Our private freedom is incomplete without public freedom to live as God’s creatures and brothers and sisters of Jesus Christ. Last week, at the Library of Congress, I gave a talk on the erosion of the legal protections for religious freedom in the past fifty years. Much of this erosion is due to the Supreme Court’s interpreting the First Amendment to the Constitution as a means to protect individuals from public and institutional expressions of faith rather than to protect religious institutions themselves as expressions of faith. Disdain for religion as such is relatively new as a social movement in American experience, although specifically anti- Catholic bigotry is older than the country itself. Today, some of the most vociferous bigots are disaffected Catholics themselves.

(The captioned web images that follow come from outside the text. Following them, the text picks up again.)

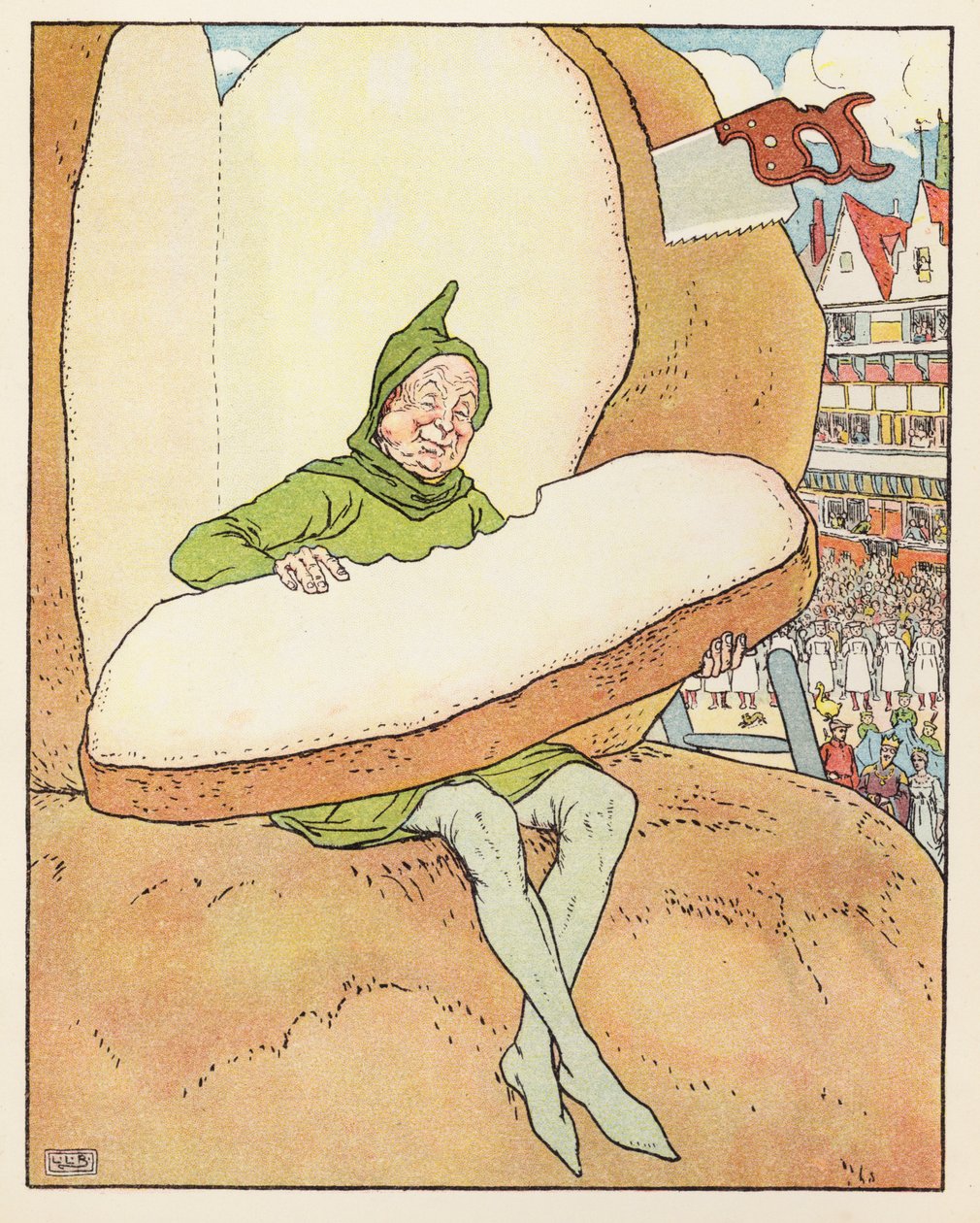  da Leonard Leslie Brooke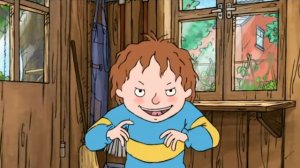 Ужасный Генри 33 серия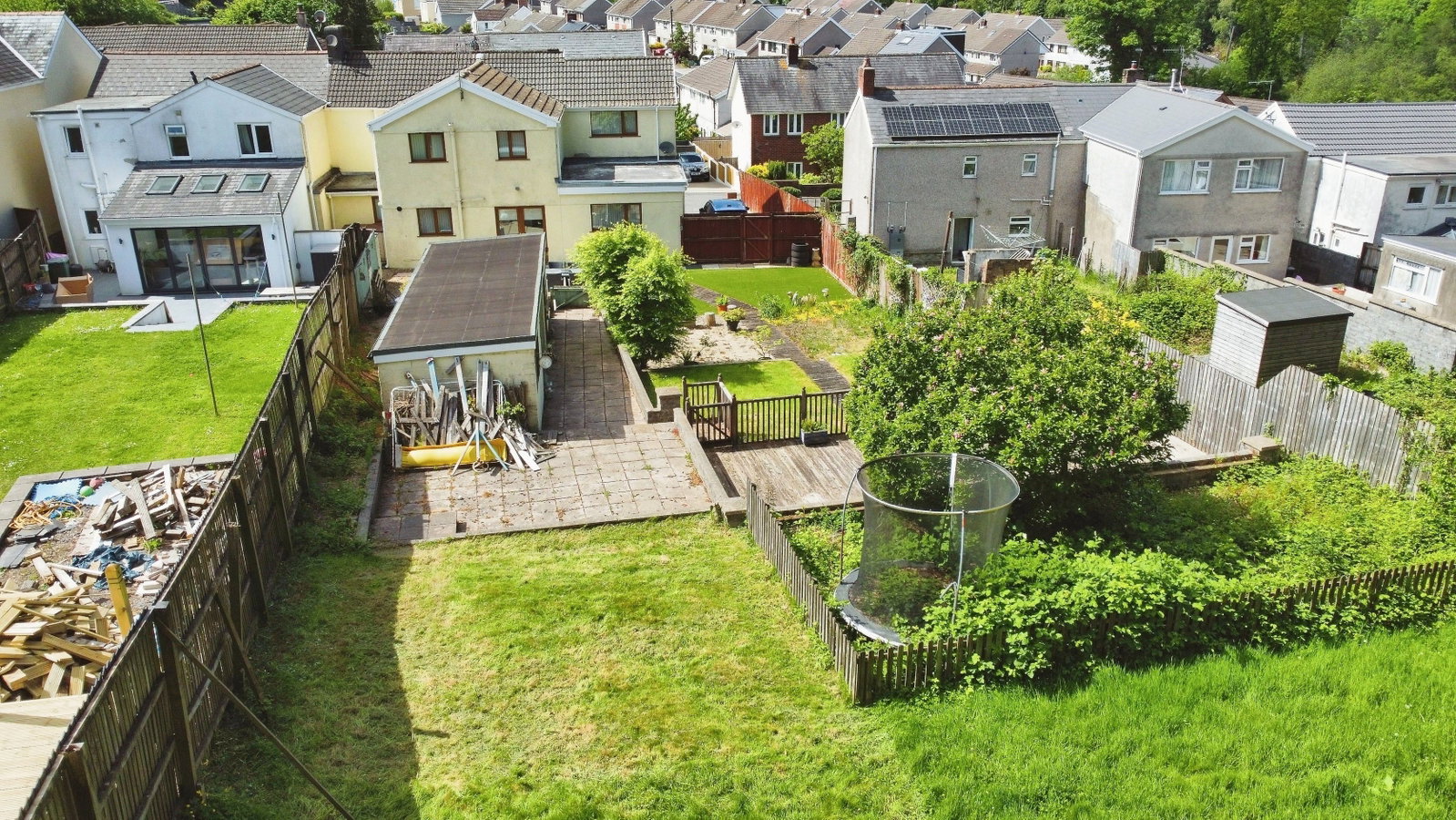Semi Detached House in Swansea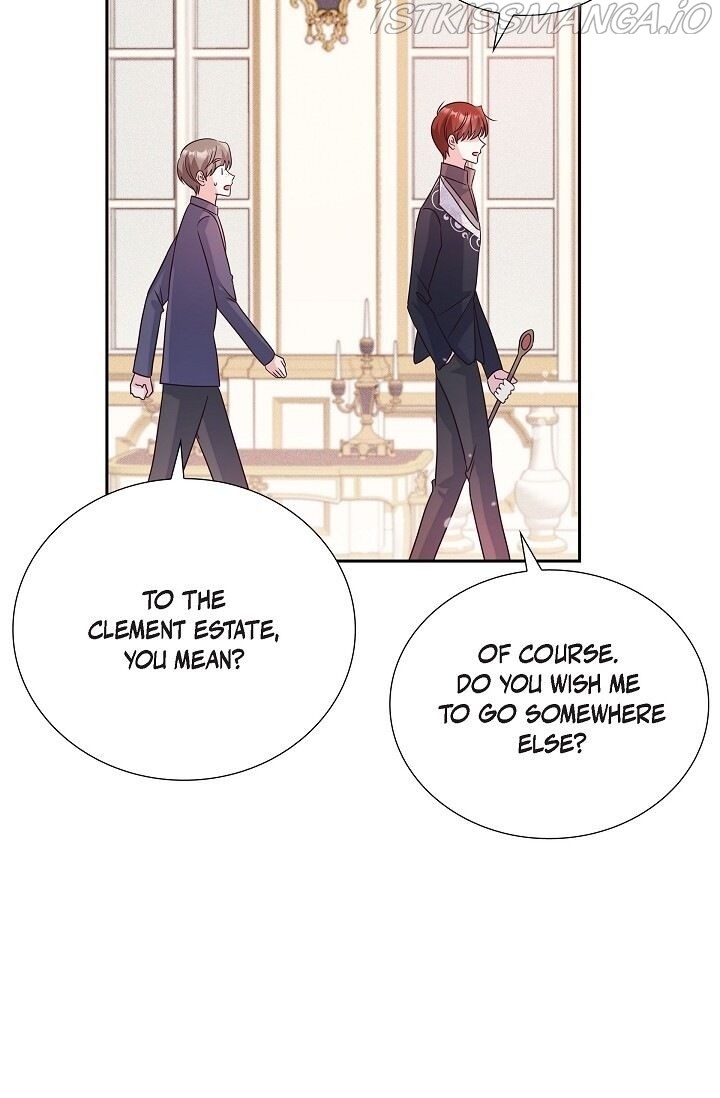 My Fair Maid chapter 11 - page 19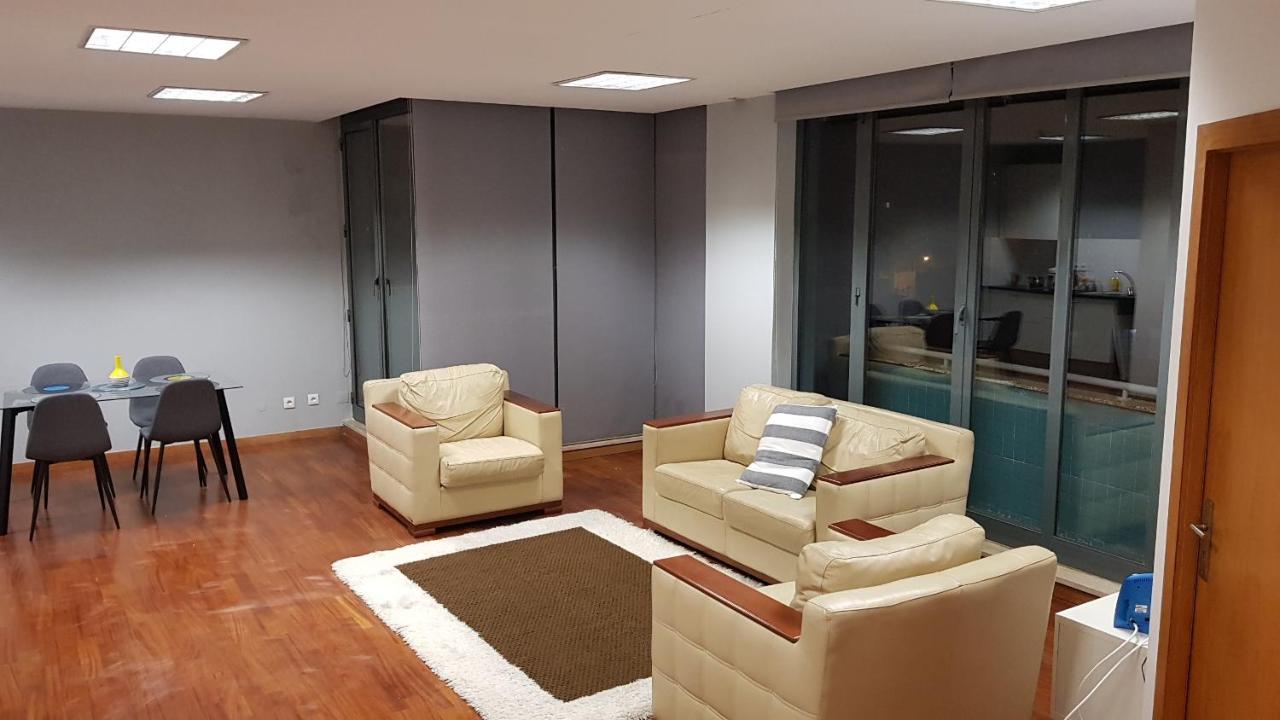 Vrs - Boavista Casa Da Musica Flats Leilighet Porto Eksteriør bilde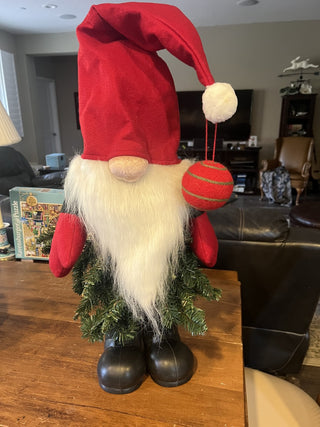 Gnome Christmas Tree RCD|133331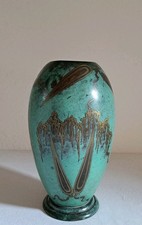 Antike WMF Ikora Vase von Paul
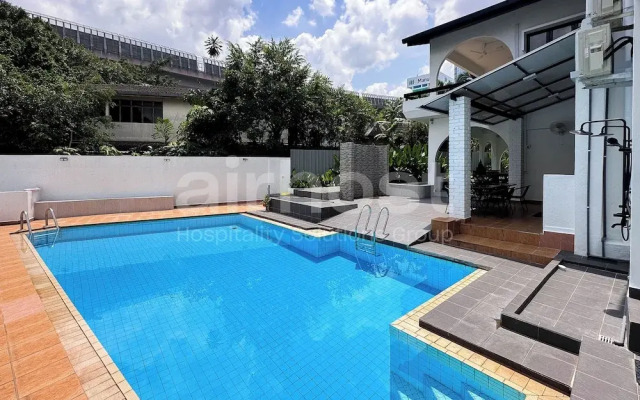 Damansara Heights Luxury Villa with Pool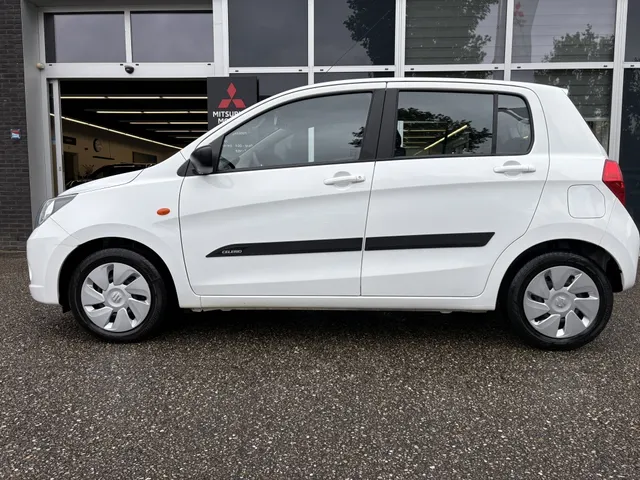 Suzuki Celerio 1.0 Comfort | Parkeersensoren | Camera | 22.000km!
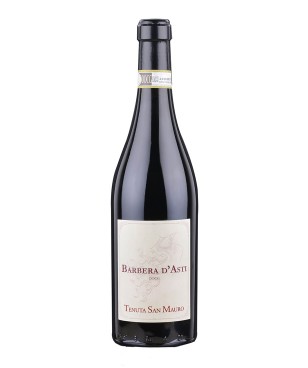 Tenuta San Mauro Barbera...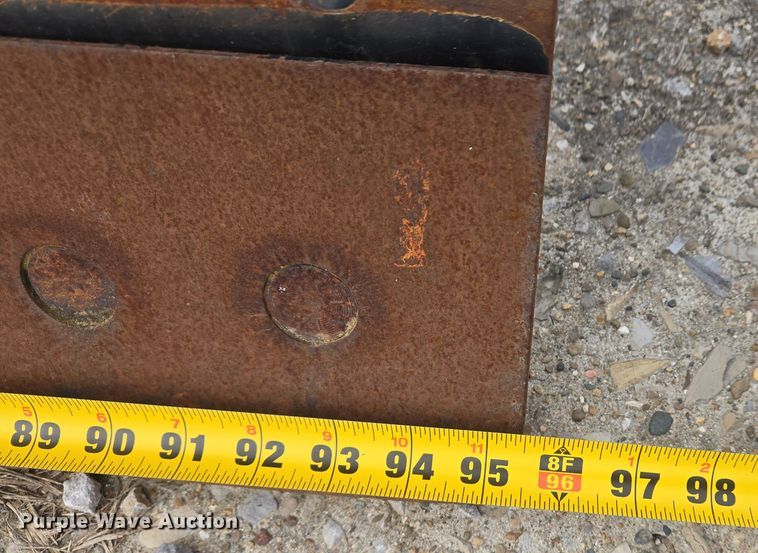 image for item DS5297 2010 Land Pride RBT4596 6-way blade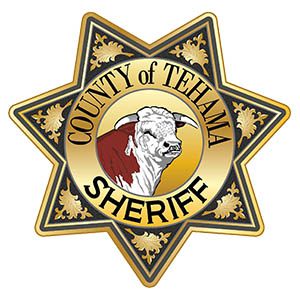 Tehama County Sheriff Logo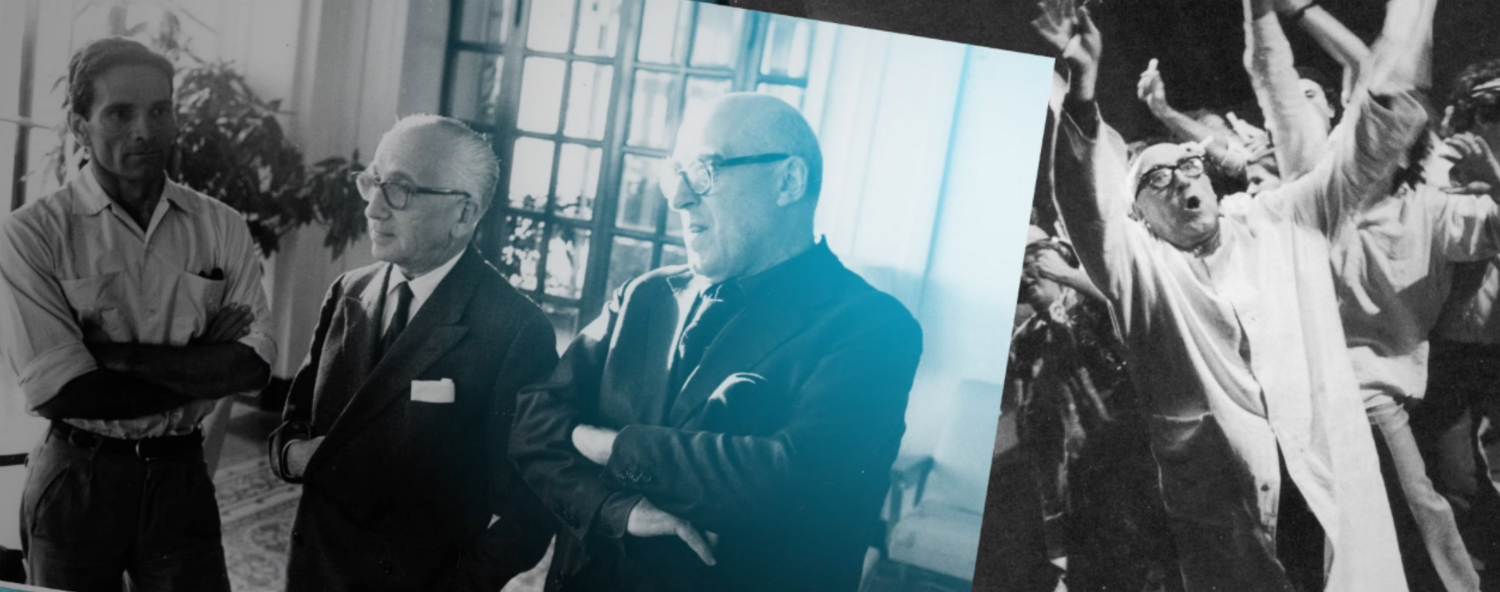 Percorsi Multimediali, Cesare Zavattini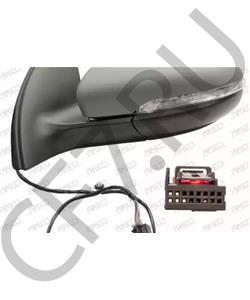 5K0857537GRU VW Наружное зеркало в городе Королёв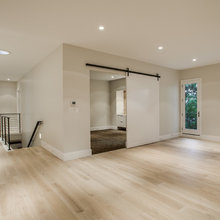 Upstairs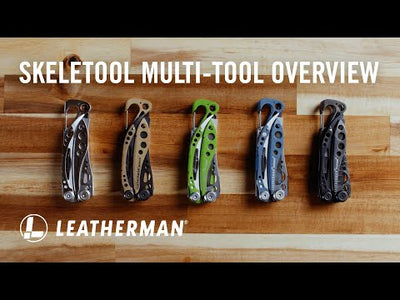 Leatherman Skeletool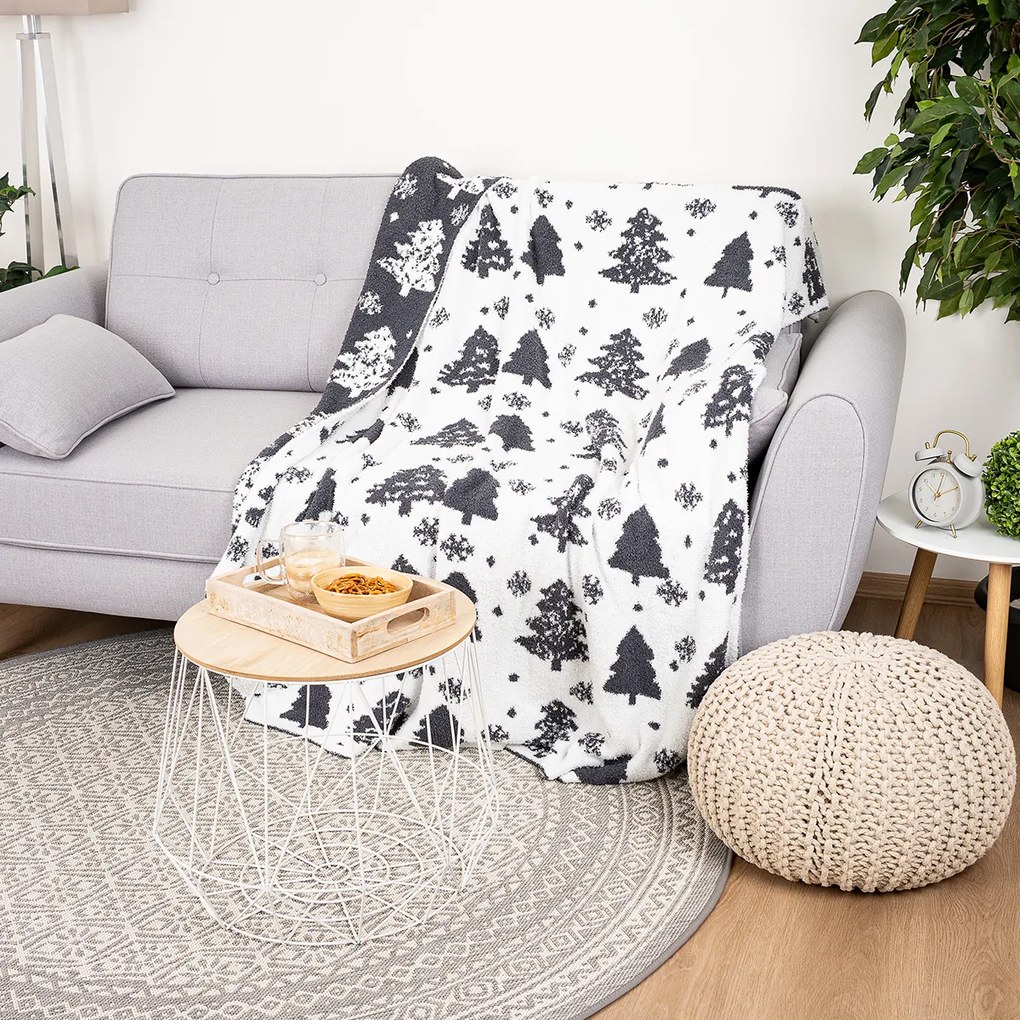 4Home Deka Night Woods, 127 x 152 cm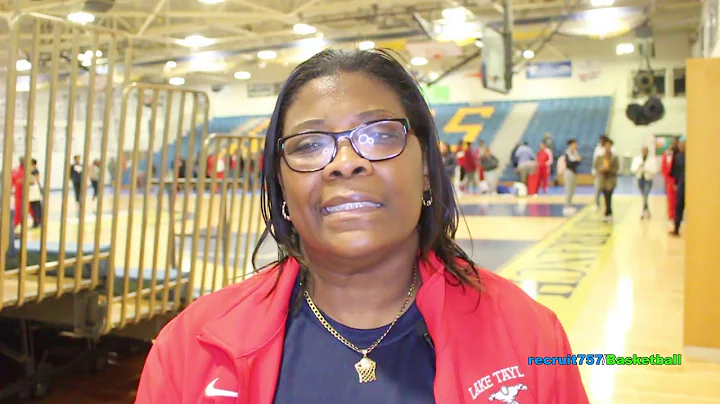 recruit757 Western Branch 47 v Lake Taylor 80 Saun...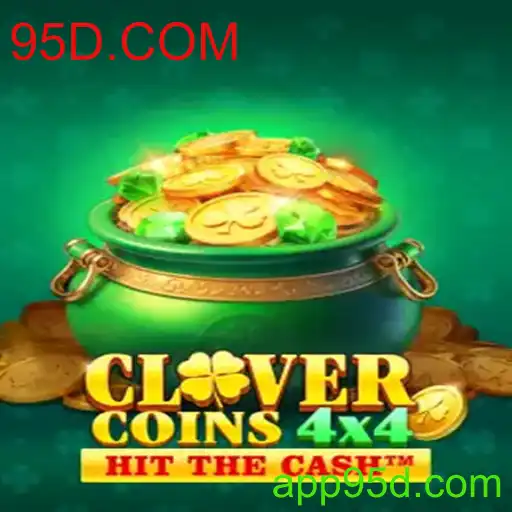 CloverCoins4x4: Tudo Sobre o Jogo Revolucionário com 95D.COM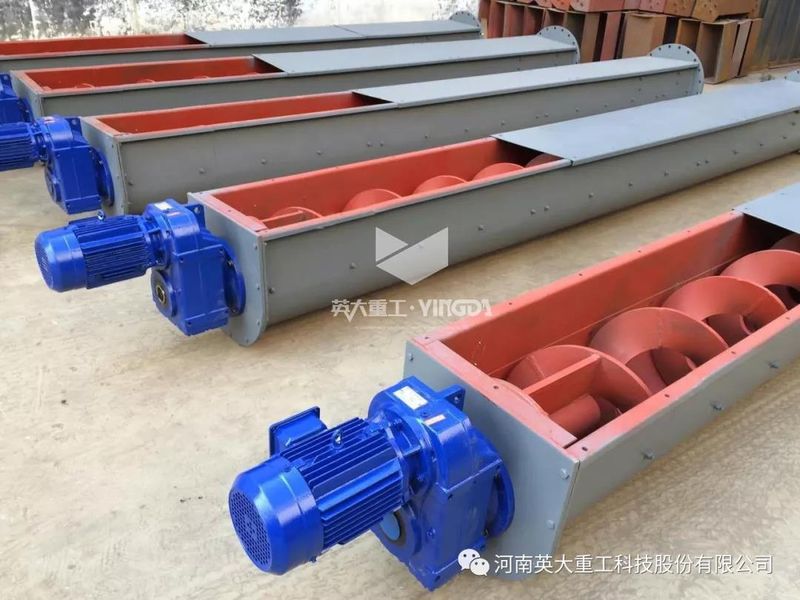 無軸螺旋輸送機(jī)輸送建筑垃圾效果如何？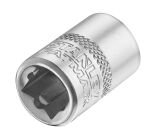 Douille 3/8 6 pans 12 mm - Fatmax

Freedom is a precious gift. Sometimes we destroy it ourselves, by our sinfulness; sometimes it’s taken from us, both legally and illegally. During Lent, we read Exodus, the second book of Moses, the story of God’s delivering the Israelites from slavery in Egypt by giving them public and social freedom in a land of his choosing. We read this story in the light of our own faith in Christ’s resurrection, his breaking the shackles of our sinfulness so that he and we can live freely and in perfect conformity with his Father’s will.

We might start our personal examination of conscience this Lent by asking how we have, individually and as a people, betrayed the freedom God gives us in creation and Christ won for us through his passion, death and resurrection. With a well-formed and well-examined conscience, use Lent to confess your sins and experience anew the freedom of the sons and daughters of God. Then work to protect religious liberty and the freedom of the Church in our country. God bless you.